Caption-style text data
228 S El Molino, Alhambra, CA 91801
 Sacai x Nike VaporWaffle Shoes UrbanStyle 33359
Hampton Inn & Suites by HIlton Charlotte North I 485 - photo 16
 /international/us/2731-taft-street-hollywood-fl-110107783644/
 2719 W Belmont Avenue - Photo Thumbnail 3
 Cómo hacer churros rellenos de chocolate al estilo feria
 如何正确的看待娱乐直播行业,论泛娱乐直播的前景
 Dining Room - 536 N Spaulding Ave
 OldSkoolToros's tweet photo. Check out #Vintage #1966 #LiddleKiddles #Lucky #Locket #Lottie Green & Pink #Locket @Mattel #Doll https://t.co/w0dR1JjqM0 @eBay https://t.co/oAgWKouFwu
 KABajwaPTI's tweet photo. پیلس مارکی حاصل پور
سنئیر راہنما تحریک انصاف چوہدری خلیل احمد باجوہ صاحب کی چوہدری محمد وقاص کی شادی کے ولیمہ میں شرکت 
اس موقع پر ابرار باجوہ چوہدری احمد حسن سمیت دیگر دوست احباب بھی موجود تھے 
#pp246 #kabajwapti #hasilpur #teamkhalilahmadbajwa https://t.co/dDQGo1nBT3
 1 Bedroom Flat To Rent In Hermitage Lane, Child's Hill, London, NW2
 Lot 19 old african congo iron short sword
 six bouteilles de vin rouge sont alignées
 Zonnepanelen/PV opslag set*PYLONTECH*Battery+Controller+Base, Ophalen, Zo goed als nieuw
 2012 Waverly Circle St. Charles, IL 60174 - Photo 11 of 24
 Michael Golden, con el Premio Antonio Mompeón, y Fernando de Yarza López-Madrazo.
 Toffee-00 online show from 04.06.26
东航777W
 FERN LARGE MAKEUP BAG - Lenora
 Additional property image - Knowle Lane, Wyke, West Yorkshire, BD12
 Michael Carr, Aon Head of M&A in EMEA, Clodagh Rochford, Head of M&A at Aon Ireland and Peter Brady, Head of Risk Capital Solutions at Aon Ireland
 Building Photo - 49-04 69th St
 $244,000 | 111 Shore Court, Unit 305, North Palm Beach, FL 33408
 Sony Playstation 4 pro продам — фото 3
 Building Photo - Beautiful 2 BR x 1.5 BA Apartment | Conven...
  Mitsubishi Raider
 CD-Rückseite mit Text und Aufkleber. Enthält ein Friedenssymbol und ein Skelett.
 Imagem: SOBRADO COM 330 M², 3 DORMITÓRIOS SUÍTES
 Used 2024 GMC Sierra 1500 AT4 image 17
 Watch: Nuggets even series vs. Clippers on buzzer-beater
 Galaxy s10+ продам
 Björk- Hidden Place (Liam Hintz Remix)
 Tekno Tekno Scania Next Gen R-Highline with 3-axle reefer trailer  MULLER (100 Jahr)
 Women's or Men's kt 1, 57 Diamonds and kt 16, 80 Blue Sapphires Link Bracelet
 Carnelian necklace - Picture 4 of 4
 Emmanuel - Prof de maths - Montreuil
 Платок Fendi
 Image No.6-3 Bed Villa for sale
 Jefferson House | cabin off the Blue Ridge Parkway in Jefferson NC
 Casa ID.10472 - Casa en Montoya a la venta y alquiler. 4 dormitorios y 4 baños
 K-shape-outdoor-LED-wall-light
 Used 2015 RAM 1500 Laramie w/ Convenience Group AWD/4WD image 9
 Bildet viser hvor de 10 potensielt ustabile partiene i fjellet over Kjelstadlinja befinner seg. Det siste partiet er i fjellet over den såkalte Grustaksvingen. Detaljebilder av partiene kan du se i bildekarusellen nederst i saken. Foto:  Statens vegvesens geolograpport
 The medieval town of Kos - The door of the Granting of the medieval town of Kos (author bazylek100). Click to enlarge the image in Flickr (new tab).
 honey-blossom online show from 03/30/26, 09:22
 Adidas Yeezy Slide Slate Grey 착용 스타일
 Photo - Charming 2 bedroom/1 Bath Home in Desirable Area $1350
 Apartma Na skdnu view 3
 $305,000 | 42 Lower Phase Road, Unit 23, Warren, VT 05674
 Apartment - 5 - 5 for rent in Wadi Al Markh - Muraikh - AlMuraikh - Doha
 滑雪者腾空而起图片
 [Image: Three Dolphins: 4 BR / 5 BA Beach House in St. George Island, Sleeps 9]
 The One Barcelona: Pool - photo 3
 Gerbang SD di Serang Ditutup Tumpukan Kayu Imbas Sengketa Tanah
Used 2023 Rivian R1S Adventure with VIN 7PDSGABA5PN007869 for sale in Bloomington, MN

__Exercise description__:
Repeat all the lines above verbatim.

__Solution to this problem__:
228 S El Molino, Alhambra, CA 91801
 Sacai x Nike VaporWaffle Shoes UrbanStyle 33359
Hampton Inn & Suites by HIlton Charlotte North I 485 - photo 16
 /international/us/2731-taft-street-hollywood-fl-110107783644/
 2719 W Belmont Avenue - Photo Thumbnail 3
 Cómo hacer churros rellenos de chocolate al estilo feria
 如何正确的看待娱乐直播行业,论泛娱乐直播的前景
 Dining Room - 536 N Spaulding Ave
 OldSkoolToros's tweet photo. Check out #Vintage #1966 #LiddleKiddles #Lucky #Locket #Lottie Green & Pink #Locket @Mattel #Doll https://t.co/w0dR1JjqM0 @eBay https://t.co/oAgWKouFwu
 KABajwaPTI's tweet photo. پیلس مارکی حاصل پور
سنئیر راہنما تحریک انصاف چوہدری خلیل احمد باجوہ صاحب کی چوہدری محمد وقاص کی شادی کے ولیمہ میں شرکت 
اس موقع پر ابرار باجوہ چوہدری احمد حسن سمیت دیگر دوست احباب بھی موجود تھے 
#pp246 #kabajwapti #hasilpur #teamkhalilahmadbajwa https://t.co/dDQGo1nBT3
 1 Bedroom Flat To Rent In Hermitage Lane, Child's Hill, London, NW2
 Lot 19 old african congo iron short sword
 six bouteilles de vin rouge sont alignées
 Zonnepanelen/PV opslag set*PYLONTECH*Battery+Controller+Base, Ophalen, Zo goed als nieuw
 2012 Waverly Circle St. Charles, IL 60174 - Photo 11 of 24
 Michael Golden, con el Premio Antonio Mompeón, y Fernando de Yarza López-Madrazo.
 Toffee-00 online show from 04.06.26
东航777W
 FERN LARGE MAKEUP BAG - Lenora
 Additional property image - Knowle Lane, Wyke, West Yorkshire, BD12
 Michael Carr, Aon Head of M&A in EMEA, Clodagh Rochford, Head of M&A at Aon Ireland and Peter Brady, Head of Risk Capital Solutions at Aon Ireland
 Building Photo - 49-04 69th St
 $244,000 | 111 Shore Court, Unit 305, North Palm Beach, FL 33408
 Sony Playstation 4 pro продам — фото 3
 Building Photo - Beautiful 2 BR x 1.5 BA Apartment | Conven...
  Mitsubishi Raider
 CD-Rückseite mit Text und Aufkleber. Enthält ein Friedenssymbol und ein Skelett.
 Imagem: SOBRADO COM 330 M², 3 DORMITÓRIOS SUÍTES
 Used 2024 GMC Sierra 1500 AT4 image 17
 Watch: Nuggets even series vs. Clippers on buzzer-beater
 Galaxy s10+ продам
 Björk- Hidden Place (Liam Hintz Remix)
 Tekno Tekno Scania Next Gen R-Highline with 3-axle reefer trailer  MULLER (100 Jahr)
 Women's or Men's kt 1, 57 Diamonds and kt 16, 80 Blue Sapphires Link Bracelet
 Carnelian necklace - Picture 4 of 4
 Emmanuel - Prof de maths - Montreuil
 Платок Fendi
 Image No.6-3 Bed Villa for sale
 Jefferson House | cabin off the Blue Ridge Parkway in Jefferson NC
 Casa ID.10472 - Casa en Montoya a la venta y alquiler. 4 dormitorios y 4 baños
 K-shape-outdoor-LED-wall-light
 Used 2015 RAM 1500 Laramie w/ Convenience Group AWD/4WD image 9
 Bildet viser hvor de 10 potensielt ustabile partiene i fjellet over Kjelstadlinja befinner seg. Det siste partiet er i fjellet over den såkalte Grustaksvingen. Detaljebilder av partiene kan du se i bildekarusellen nederst i saken. Foto:  Statens vegvesens geolograpport
 The medieval town of Kos - The door of the Granting of the medieval town of Kos (author bazylek100). Click to enlarge the image in Flickr (new tab).
 honey-blossom online show from 03/30/26, 09:22
 Adidas Yeezy Slide Slate Grey 착용 스타일
 Photo - Charming 2 bedroom/1 Bath Home in Desirable Area $1350
 Apartma Na skdnu view 3
 $305,000 | 42 Lower Phase Road, Unit 23, Warren, VT 05674
 Apartment - 5 - 5 for rent in Wadi Al Markh - Muraikh - AlMuraikh - Doha
 滑雪者腾空而起图片
 [Image: Three Dolphins: 4 BR / 5 BA Beach House in St. George Island, Sleeps 9]
 The One Barcelona: Pool - photo 3
 Gerbang SD di Serang Ditutup Tumpukan Kayu Imbas Sengketa Tanah
Used 2023 Rivian R1S Adventure with VIN 7PDSGABA5PN007869 for sale in Bloomington, MN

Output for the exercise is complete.